The author’s method was to interview only 11 members of YIMBY groups, 11 members of other housing and tenant groups, 6 developers, and 7 government officials. In other words, for an empirical investigation into YIMBYs, she employed a research design where YIMBYs accounted for less than a third of the interview sample. Also, for the record, no member of the AHLA staff was interviewed for this article. Apparently, one former member of our board was interviewed, in 2017, under the pretense that the author was writing a dissertation on “historic preservation, modernist architecture, land use planning, and urban development.” False (or semi-false) pretenses aren’t out of bounds in academic research, but in general, honesty is the best policy.

Perhaps because the author reached out to relatively few AHLA members, and never double-checked anything with the organization itself, she gets some things wrong. The article says AHLA doesn’t support rent control. This is incorrect. Our website makes it very clear that we support rent control, and that we supported AB 1482, a successful effort in 2018 to expand rent control via the legislature.

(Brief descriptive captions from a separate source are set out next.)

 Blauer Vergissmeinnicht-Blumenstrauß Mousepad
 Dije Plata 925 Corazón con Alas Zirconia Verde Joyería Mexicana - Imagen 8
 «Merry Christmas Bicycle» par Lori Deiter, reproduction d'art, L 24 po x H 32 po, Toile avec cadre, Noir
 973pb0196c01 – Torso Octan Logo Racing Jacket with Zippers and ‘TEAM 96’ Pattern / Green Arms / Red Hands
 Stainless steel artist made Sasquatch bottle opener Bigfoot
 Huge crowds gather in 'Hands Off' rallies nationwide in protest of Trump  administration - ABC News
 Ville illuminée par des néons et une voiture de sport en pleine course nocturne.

The article also suggests that YIMBY groups are part of an effort to “Foster… a business-friendly climate, post-2008, [which] requires not only subsidizing private market activity (Tapp, 2019b) but also leveraging the state to implement market discipline and direct finance into particular housing markets.”

It isn’t clear what this refers to, or even what it means. AHLA strongly supports subsidies for below-market-rate housing and has never argued for subsidies to market-rate developers. Our argument has always been that more market-rate development should be allowed, but that’s quite different from saying it must be subsidized.

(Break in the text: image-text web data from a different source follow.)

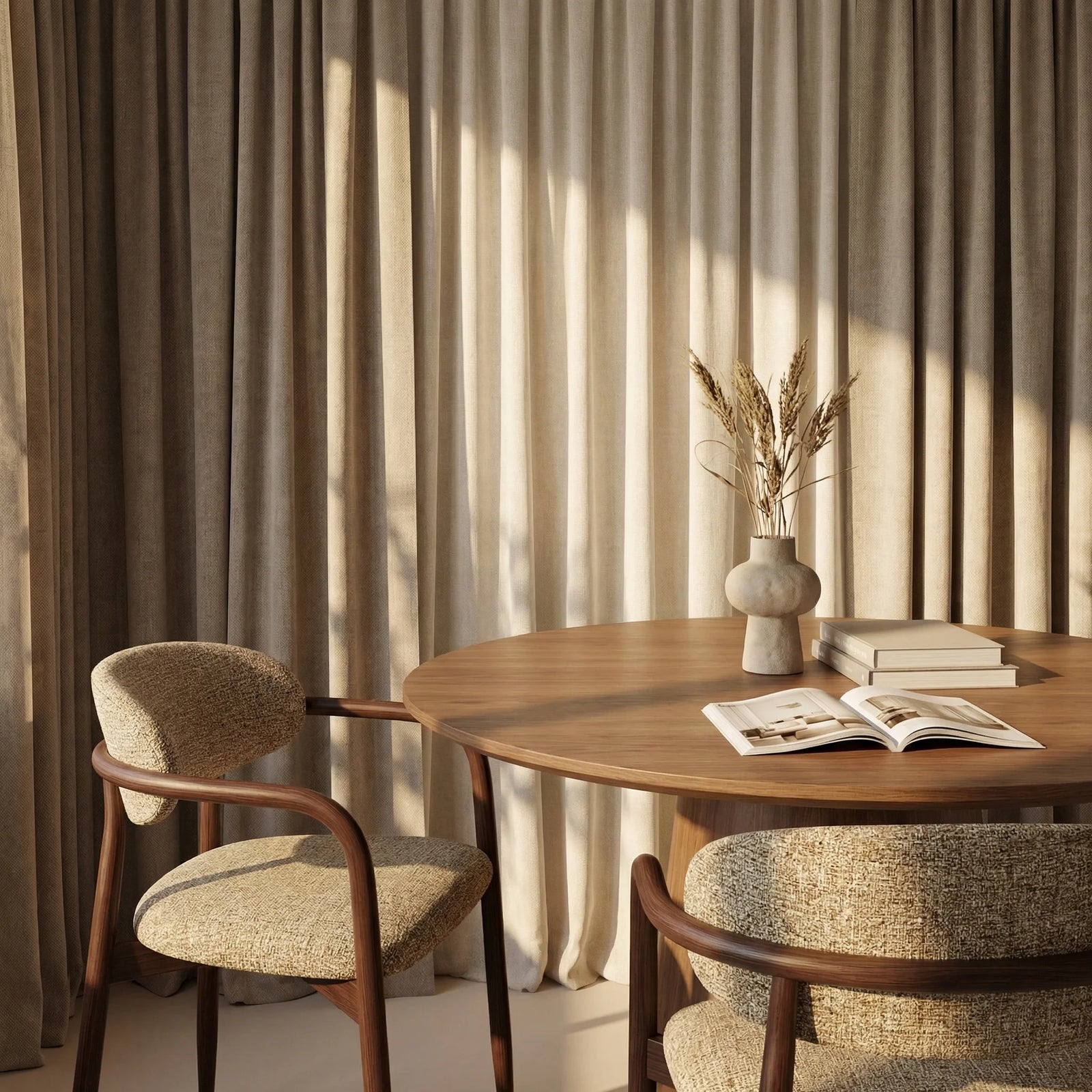 Halston Carver Dining Chair | Speckled Stone Sustainable Boucle & Walnut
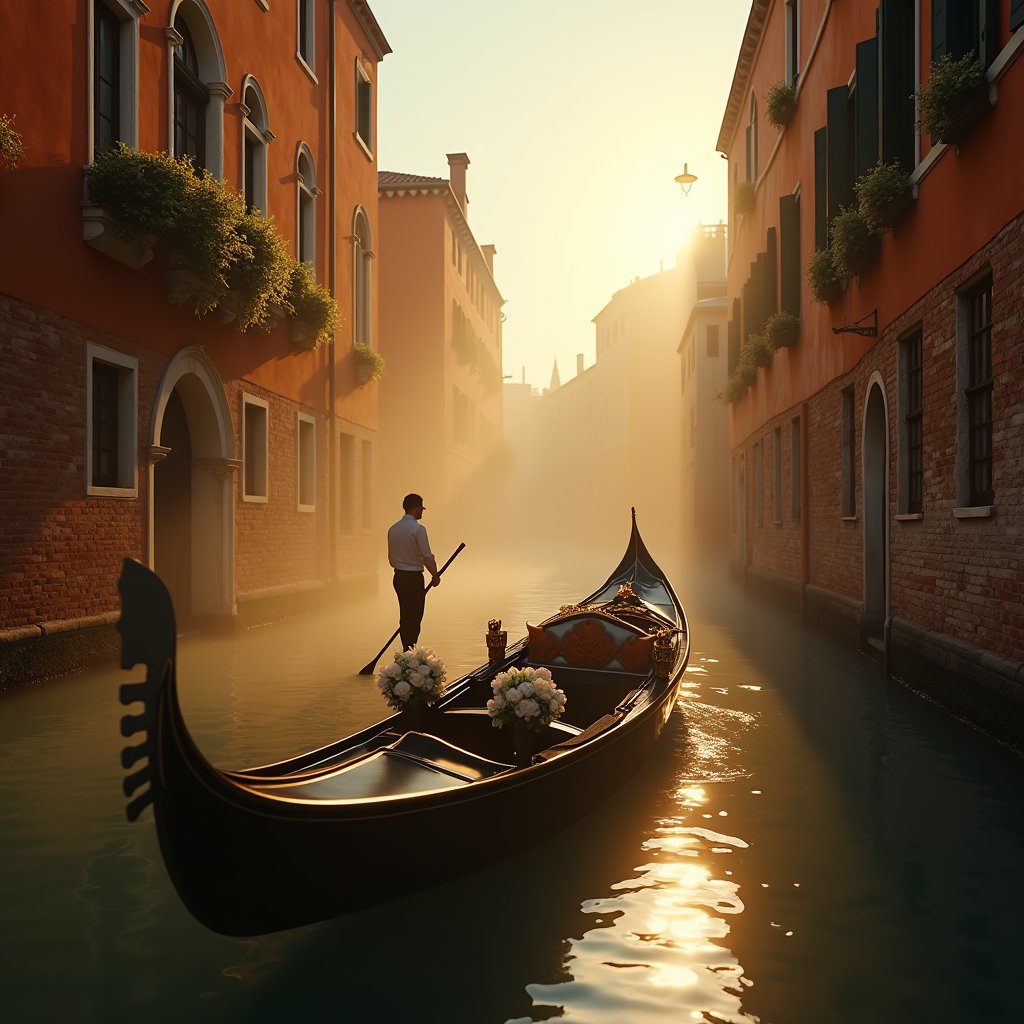 Golden Glide of Venice - Wedding & Events AI stock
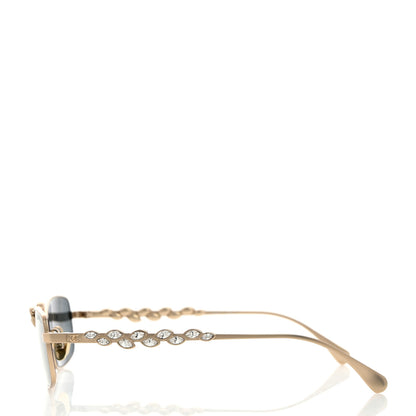 Chanel Metal Crystal Sparkling Wheat Rectangle Sunglasses 71584 Gold 3 of 8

One more statement from the article:

“YIMBY groups have remained committed to forcing the market’s hand primarily where land is cheap.”

Again, this could be clearer, but if it means our goal is to concentrate development in lower-priced, lower-income areas, then it is demonstrably wrong. Like, really wrong. Wrong in the way it is wrong to say 2+2=7. Almost all our work is geared toward getting more housing legalized and built in the higher-income, exclusionary parts of Los Angeles. We have no desire to “force the market’s hand where land is cheap”. We want to force the government’s hand—to legalize more housing–in places where land is expensive.  AHLA worked tirelessly two years ago to pass the Coastal Plan for regional housing allocations, which would force higher-value, higher-income cities to absorb more of the region’s development. One of our ongoing signature initiatives is the equitable distribution of the RHNA, which pushes for the City of Los Angeles to allow more housing development in its most expensive, highest-land-value neighborhoods, thereby alleviating pressure on lower- and moderate-income neighborhoods. 

Almost all of AHLA’s work is geared toward getting more housing legalized and built in the higher-income, exclusionary parts of Los Angeles.

We could go on, but beyond its many individual mistakes, this article simply does not provide convincing arguments to support the causal claims it made. The author did not establish a clear and rigorous chain of how one thing leads to another, did not consider alternative explanations, and did not provide concrete evidence. Here is an example passage:

    • YIMBY groups have looked to ‘disrupt’ high prices by flooding Los Angeles’s rental market with a glut of new luxury housing. Their logic rests on the assumption that the middle class will move into the new housing units, leaving behind older apartments for low-income communities. One YIMBY explained their group’s strategy, saying if “our goals are really about affordability, diversity, and inclusion in the built environment [then] build the luxury units. Over time those luxury units become less luxury as long as you keep building luxury units” (Interview # 20). However, in order to maximize short-term returns, private equity funds like Blackstone have scooped up older properties—many of which were rent controlled—and invested in cosmetic upgrades to raise rents.11 Such tactics effectively ensure prices never drop at the bottom of the market. Meanwhile, asset managers like Brookfield AM have acquired portfolios of newly constructed luxury buildings to churn returns, wherein the current—and inflated—rent levels are used to estimate asking rents and forecast yields in new projects (Weber, 2015; also see Aalbers and Christophers, 2014). With financialized pressures from the top and bottom of the market, the failure to filter guarantees tenants will continue to pay distorted prices into the future.

Let’s walk through this:

YIMBY groups have looked to ‘disrupt’ high prices by flooding Los Angeles’s rental market with a glut of new luxury housing.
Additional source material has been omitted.